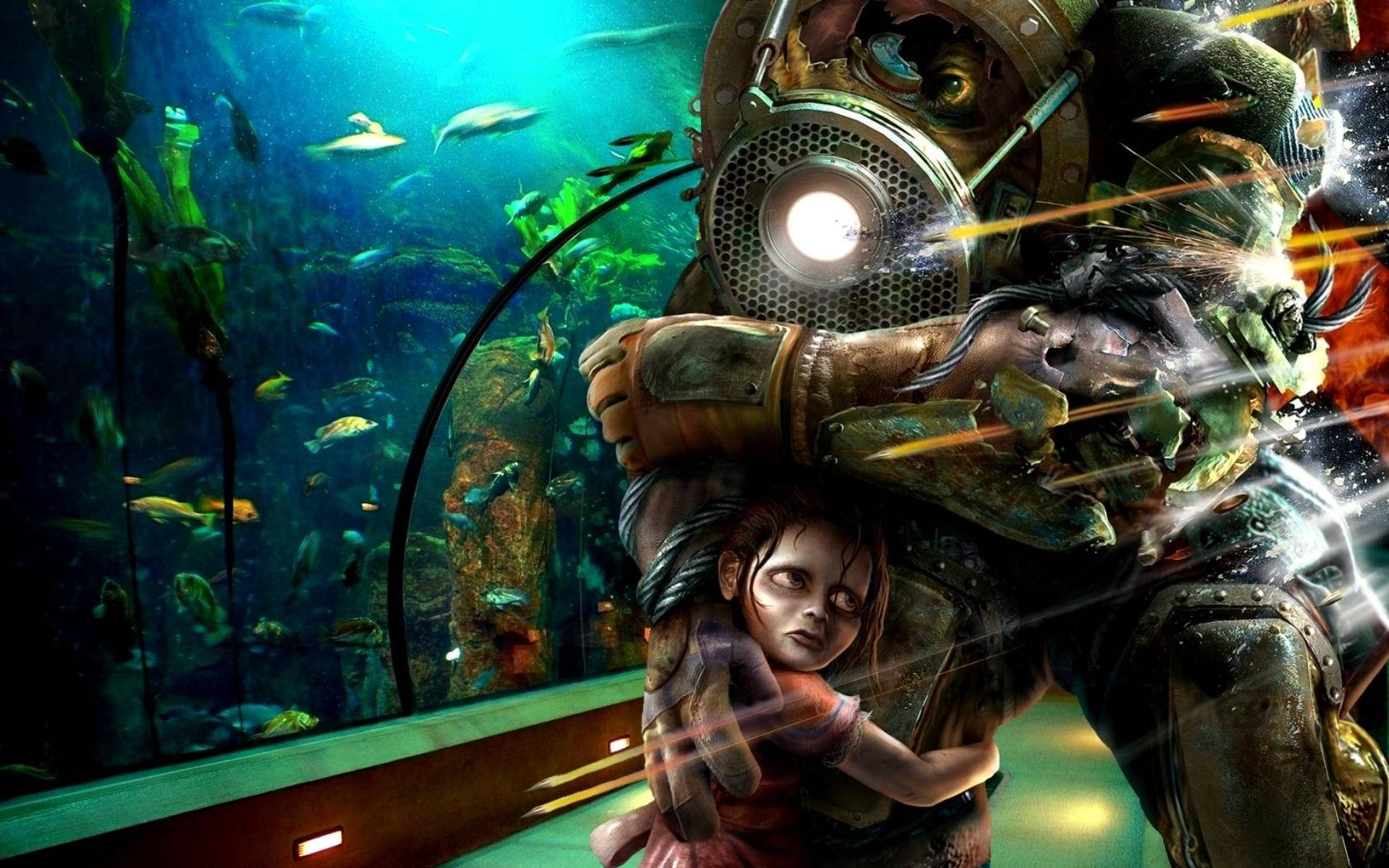 bioshock 4K 桌布 壁紙 — 一個戴著笨重頭盔的蒸氣龐克潛水員，在發光的水下遺跡和游動的魚群中懷抱著一個蒼白的孩子。
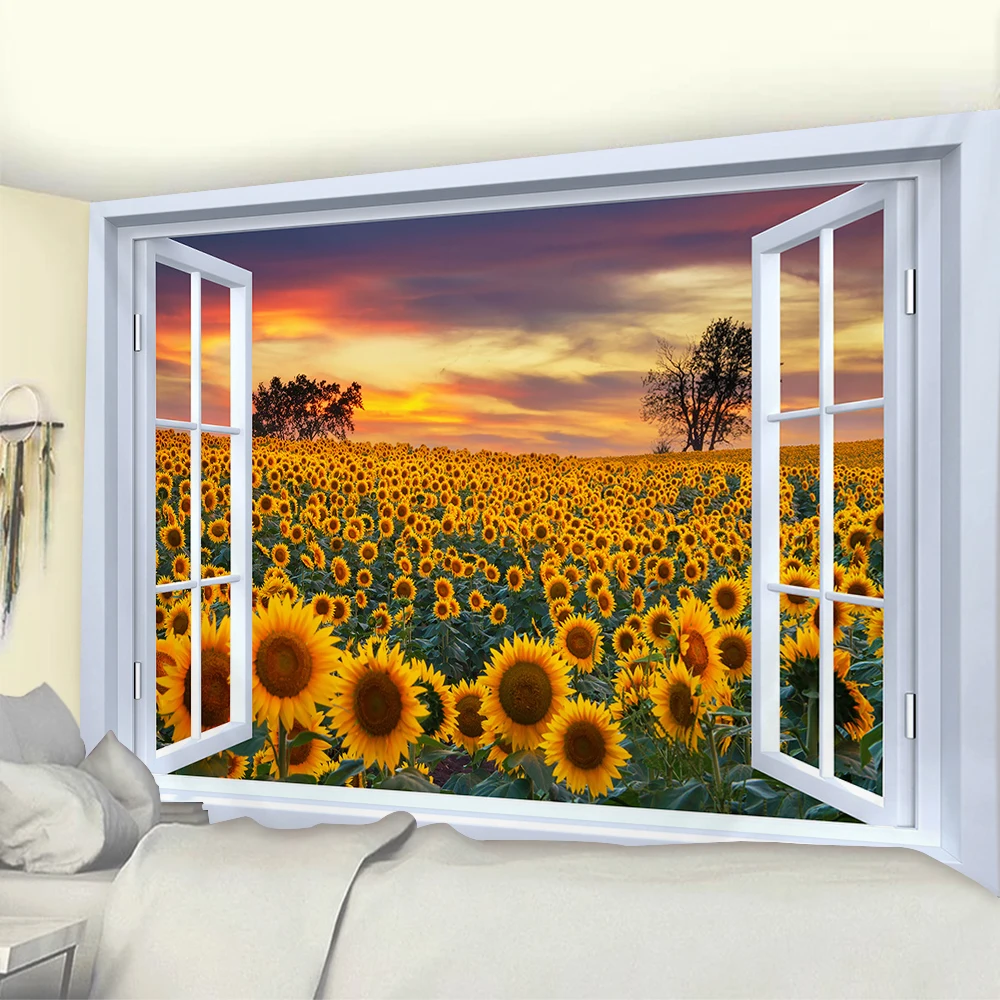 

Cheap Beach Outside The Door Tapestry Hippie Wall Hanging Large Printed Landscape Ocean Backdrop Ceiling Home Decor For Bedroom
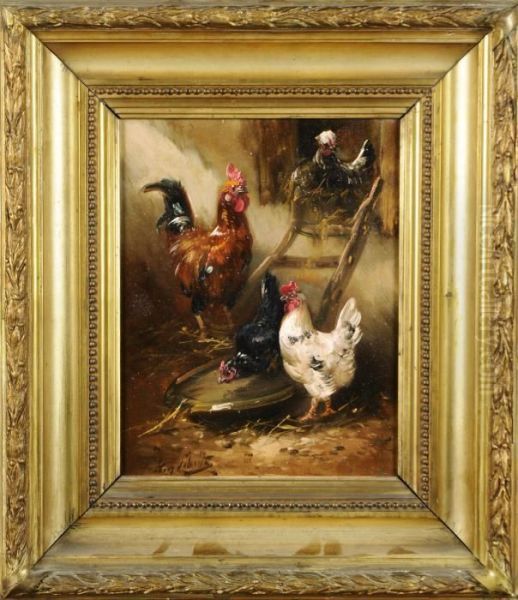 Poules Et Coqs Oil Painting by Henry Schouten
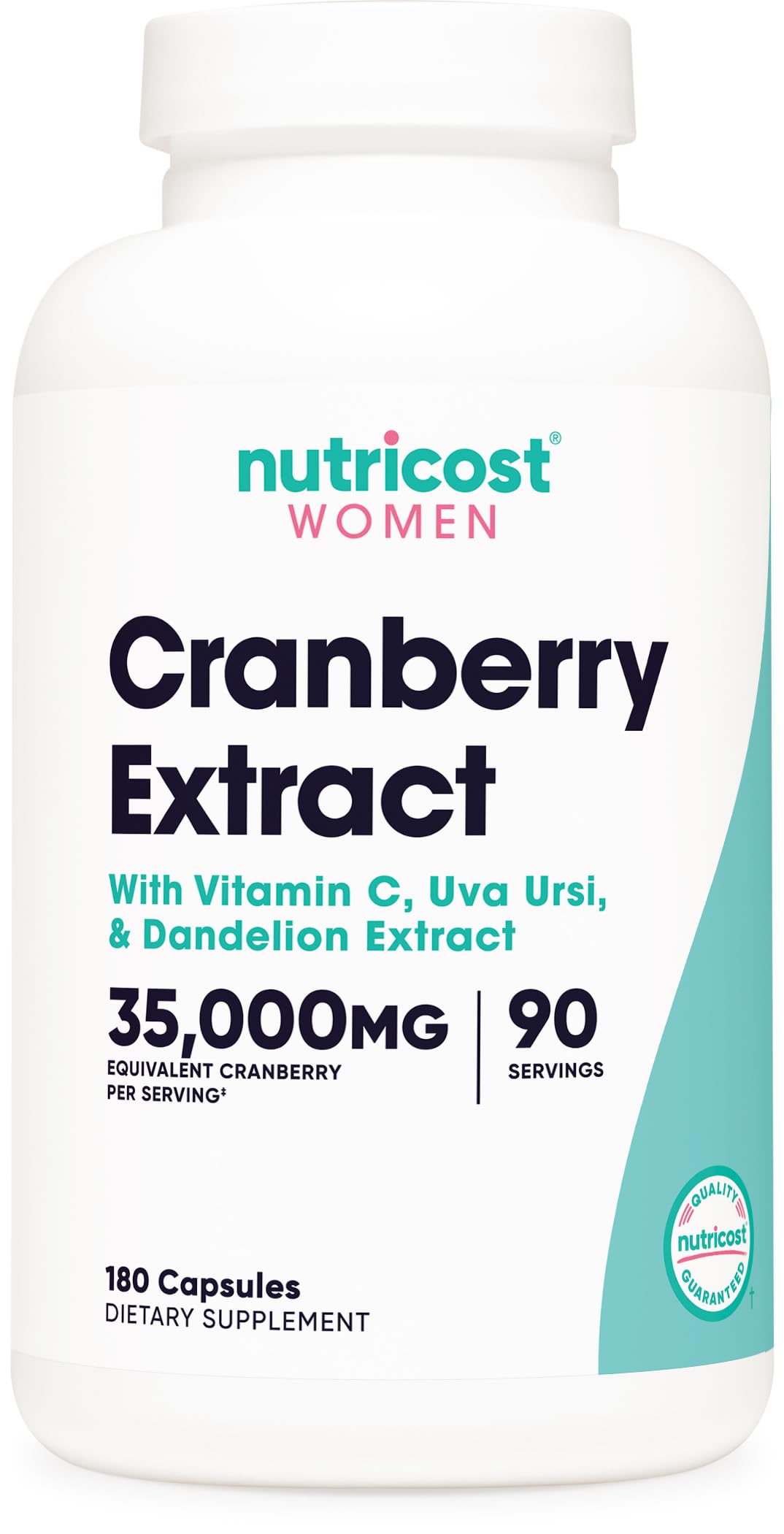 Nutricost Cranberry Extract for Women (35,000mg Equivalent) - 180 Capsules | Vitamin C, Uva Ursi & Dandelion Root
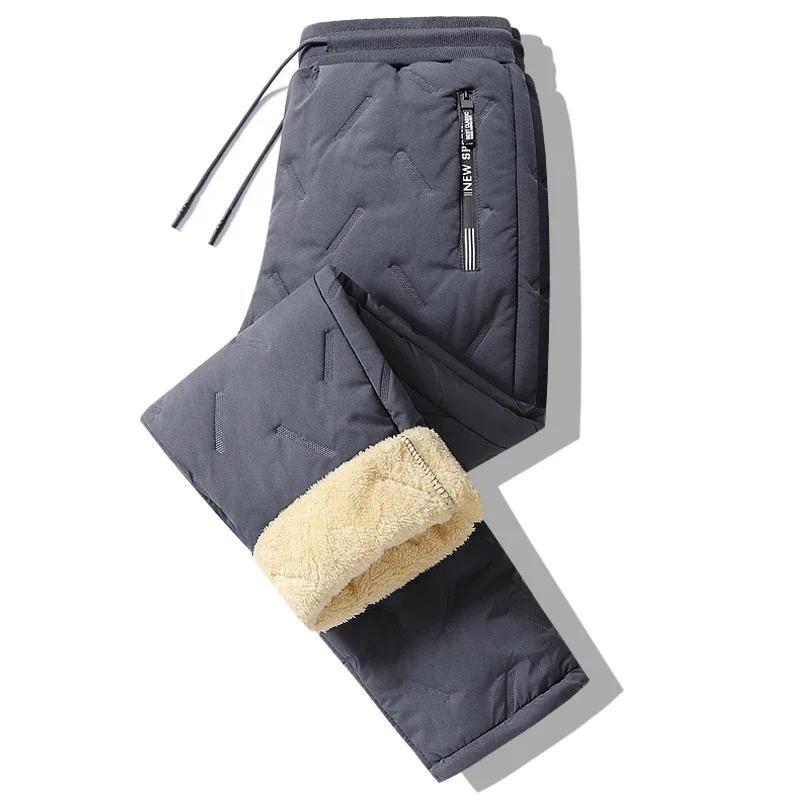 7XL Winter Sweatwear Plush Thick Fleece Sweatpant Lambswool Thermal Trousers Casual Pants Waterproof Windproof Warm Cotton Pants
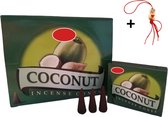 Doos met 12 pakjes - Wierook - Wierookkegeltjes - Kegeltjes - Kegels - Incense Cones - Kokosnoot - Coconut - 120 Kegeltjes + Gelukspoppetje
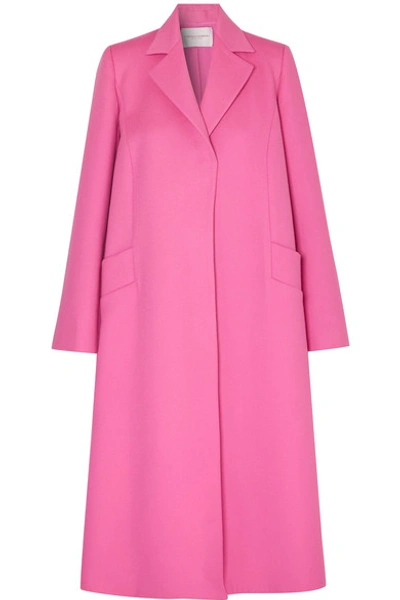 Shop Carolina Herrera Oversized Wool And Cashmere-blend Felt Coat In Pink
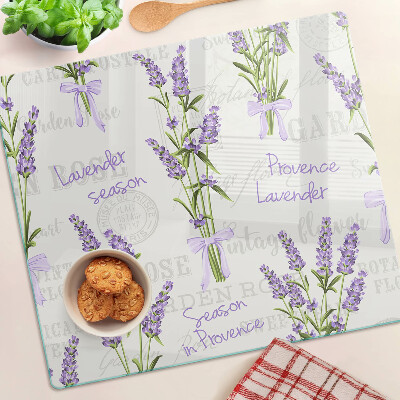 Planche à découper en verre Lettrage lavande et provençal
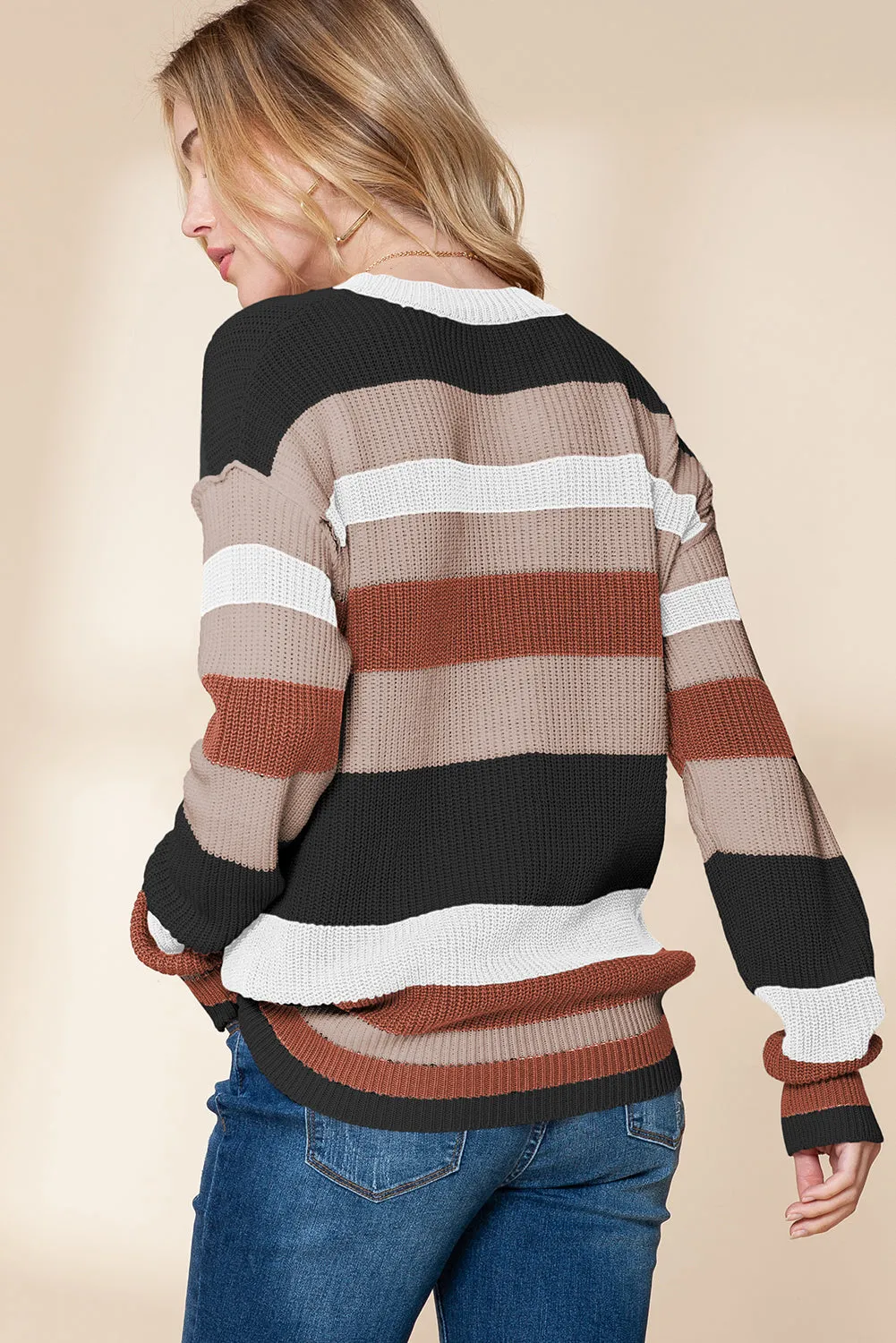 Camel Ribbed Round Neck Color Block Knitted Sweater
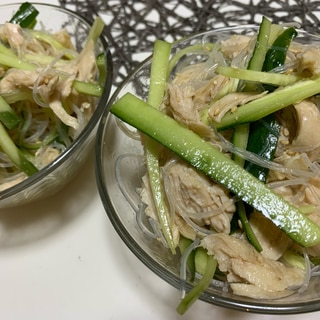 夏の食欲ない日にも食べたい春雨サラダ★ささみ合え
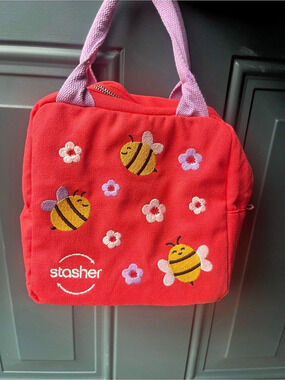 Stasher Bee Print Tote in Red & Purple Like New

=-=-=-=-=

▸ **What you need to do**
Leave out the pictures and repeat everything else in the records exactly.

▸ **Answer below**
 bioshock 4K 桌布 壁紙 — 一個戴著笨重頭盔的蒸氣龐克潛水員，在發光的水下遺跡和游動的魚群中懷抱著一個蒼白的孩子。

Cheap Beach Outside The Door Tapestry Hippie Wall Hanging Large Printed Landscape Ocean Backdrop Ceiling Home Decor For Bedroom
 Poules Et Coqs Oil Painting by Henry Schouten
 Nutricost Cranberry Extract for Women (35,000mg Equivalent) - 180 Capsules | Vitamin C, Uva Ursi & Dandelion Root
 7XL Winter Sweatwear Plush Thick Fleece Sweatpant Lambswool Thermal Trousers Casual Pants Waterproof Windproof Warm Cotton Pants
 Doos met 12 pakjes - Wierook - Wierookkegeltjes - Kegeltjes - Kegels - Incense Cones - Kokosnoot - Coconut - 120 Kegeltjes + Gelukspoppetje
 Shop Carolina Herrera Oversized Wool And Cashmere-blend Felt Coat In Pink
 Planche à découper en verre Lettrage lavande et provençal
 Camel Ribbed Round Neck Color Block Knitted Sweater
 夏の食欲ない日にも食べたい春雨サラダ★ささみ合え
 Stasher Bee Print Tote in Red & Purple Like New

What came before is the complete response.